First cut is the deepest.

I was seven when I first realised something was odd about me, although I had no words for it.

Six to seven is school-going age; consequential, psychologists say, to when kids start learning about social norms and their place in it. Part of the determination of social hierarchy, of coolness, of self-worth, extends to the childhood birthday party. In Singapore, you had a birthday party if:

a. your parents were rich and lived in a house or condo that could host that many of your classmates (s0 30% of the population), or

b. your parents were deeply concerned about how well-liked you’d be… and scrimped and saved for the material things needed for a kid not to lose face. The practice of the birthday kid at the very least handing out goody bags to their classmates was and might still be the bare minimum. In this way, we quietly judged each other by how expensive or tasteful (tasty?) the contents were. Some of the meaner girls would even judge the cellophane bags these came in. Were they clear or decorated? Sealed with tape or ribbon?

Anyway. The birthday party. In your first year of school, no one’s had enough time to form an opinion of you. So you get invited to all of them.

The first party I was invited to had a temporary pool set up in the garden and free flow cherry coke. This was the 90s and you couldn’t get more atas than coke in flavours other than coke. The birthday girl, D, made me her ‘official best friend’ throughout primary school, but for the life of me I don’t know why. It was a one-sided affection. On my end. That was probably why. She and her older sister would later molest me in an episode so brutal, that I would harbour the sense that women always betray and attack other women for a long time. But that story is for another post.

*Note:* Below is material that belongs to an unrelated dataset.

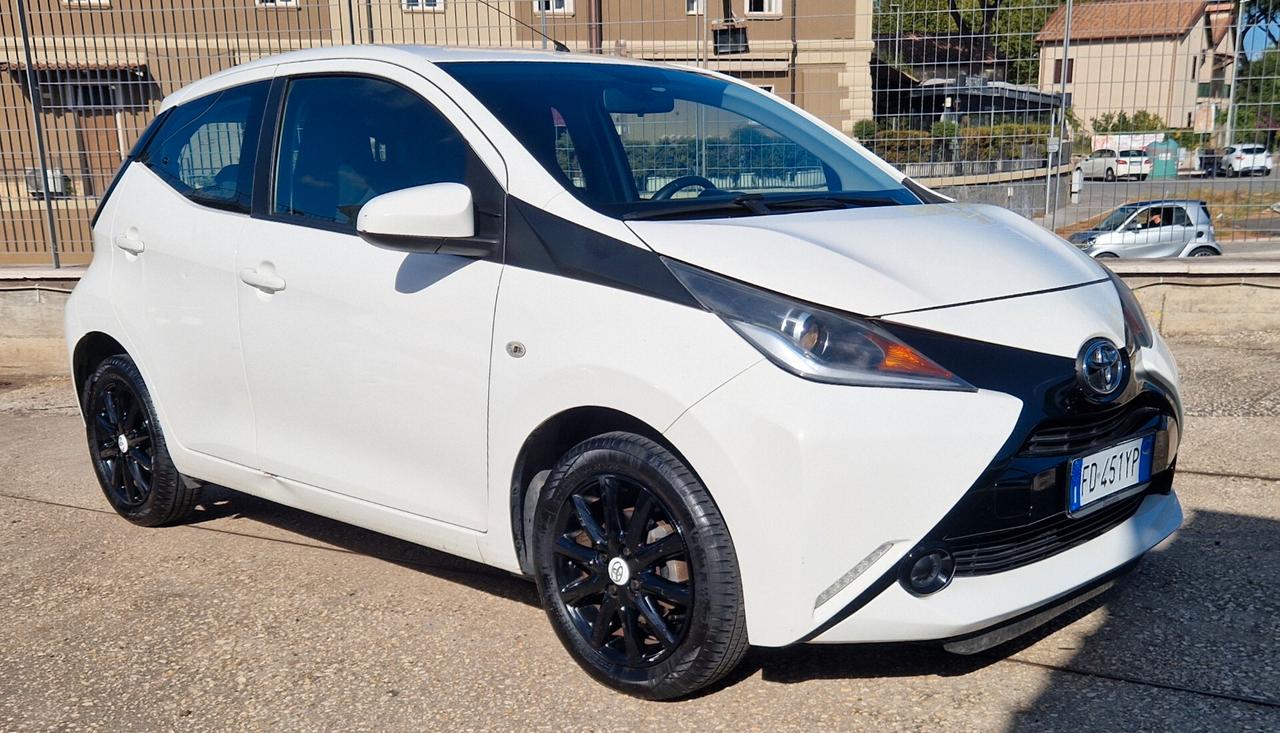 Toyota Aygo 1.0 VVT-i 69 CV 5 porte x-clusiv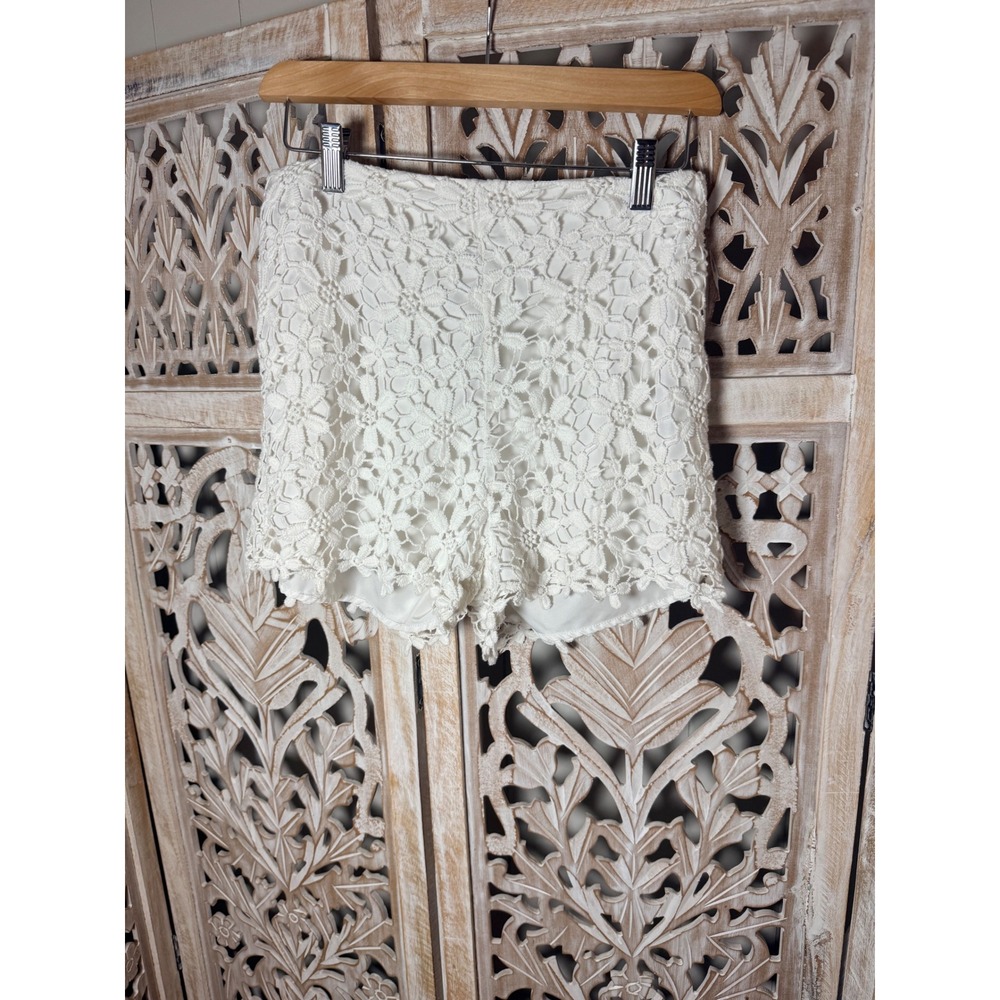 Hollister Womens White Floral Lace Eyelet High Rise Shorts Size 7 Scalloped Hem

For now though, forget I wrote that. It was a party. And our classmates were sprawled everywhere, laughing, screaming, being happy. And I wanted to be laughing and screaming too. At some point, we decided to have a talent show contest on the driveway for the adults. My turn came and I was given the hairbrush we’d been using for a microphone. Then, the adults waited. My new friends waited, and started losing interest. I waited, observing everyone’s general happiness, and started feeling unsure. I had been so excited to show everyone my ‘special’ talent, but seeing everyone happy, it dawned on me that my talent would be unappreciated.

I was going to sing, but it wasn’t the singing that was the talent. Rather, I wanted to showcase the curious fact that whenever I sing a song I’ve made up, I naturally start to tear up and cry. This came in handy later in life in the odd school play when a part called for weeping. I’d just hum something original under my breath (it only ever works if its an original composition). But at that age, faced with other children, wanting deeply to be liked, but also deriving pleasure from inducing my own tears, I was unsure if anyone would see the capacity to be emotional as a gift.

I can only explain that intense desire to show people grief as a self-correcting mechanism.

For as long as I can remember, I have been distrustful of environments that aren’t ‘balanced’. A place that’s happy needs sadness. So parties need tears. Funerals, laughter. Churches, questions. Schools, freedom. You get the point. Something in me felt – feels – like pulling in the other direction.

Long story short, seven-year-old me solved the problem by telling everyone that I would sing with my back to them. And mind you, this was way before Sia did it.

I faced the neighbours yard, sang a song I had made up about D’s dog, and let my tears flow to my heart’s content. I forgot I would have to turn around again when I was finished, and when I did the adults were understandably shocked and concerned. Had I hurt myself? Was someone mean to me and had I been upset by that? How could they solve the problem?

But to me there never was a problem. There was nothing wrong with desiring the negative space sometimes. The place where tears came from.

Gradually I stopped being invited to parties altogether. I cried too often, consistently, and seemingly without reason. Including at my own birthday party. My father was furious.

Funnily enough, it was the revelation of my father’s struggles with depression that made it okay for me to finally seek help as an adult. But that’s also a story for another post.

There are two texts about the Singapore childhood birthday experience (for lack of better term… I’ll come up with one later) to my knowledge. One, I highly recommend, is the short story “His Birthday Present” by Alfian Sa’at from Malay Sketches (Ethos Books, 2012). The other is found in the novel Let’s Give It Up For Gimme Lao (Epigram Books, 2016).